-------- SOURCE DATA --------

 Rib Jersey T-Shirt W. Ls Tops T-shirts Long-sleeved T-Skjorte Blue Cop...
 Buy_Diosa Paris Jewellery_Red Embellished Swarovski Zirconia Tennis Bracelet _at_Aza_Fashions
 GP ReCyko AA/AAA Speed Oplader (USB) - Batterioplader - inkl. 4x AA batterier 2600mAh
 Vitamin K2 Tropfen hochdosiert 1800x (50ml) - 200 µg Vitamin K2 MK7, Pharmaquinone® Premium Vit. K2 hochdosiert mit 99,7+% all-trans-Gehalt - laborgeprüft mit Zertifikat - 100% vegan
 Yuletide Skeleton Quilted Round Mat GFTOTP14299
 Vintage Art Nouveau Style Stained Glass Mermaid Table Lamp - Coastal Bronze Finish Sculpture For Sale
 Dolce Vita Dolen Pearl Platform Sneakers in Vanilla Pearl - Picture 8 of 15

--------
-------- SOURCE DATA --------

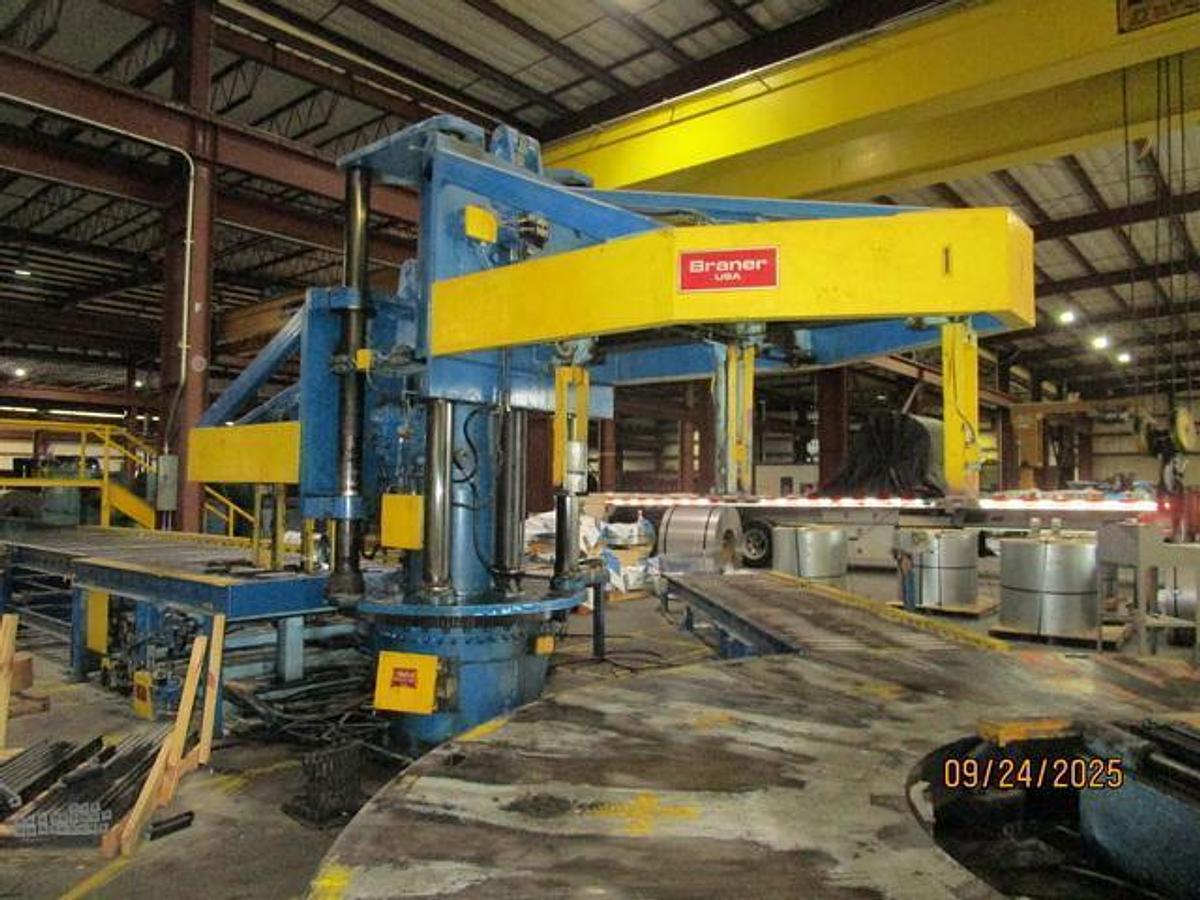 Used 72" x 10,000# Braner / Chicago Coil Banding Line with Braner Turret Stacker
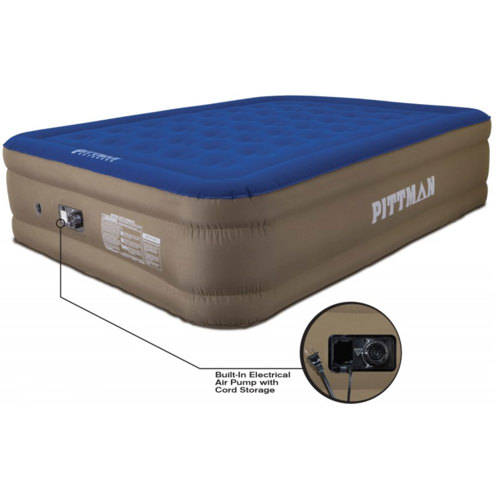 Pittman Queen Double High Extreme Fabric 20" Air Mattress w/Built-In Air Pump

--------

**WHAT THIS TASK INVOLVES**: Taking the records above, retype every line from the one with "Vintage Art Nouveau" down to the one with "Dolce Vita Dolen", exactly and with nothing else.

**RESPONSE AREA**:
 Vintage Art Nouveau Style Stained Glass Mermaid Table Lamp - Coastal Bronze Finish Sculpture For Sale
 Dolce Vita Dolen Pearl Platform Sneakers in Vanilla Pearl - Picture 8 of 15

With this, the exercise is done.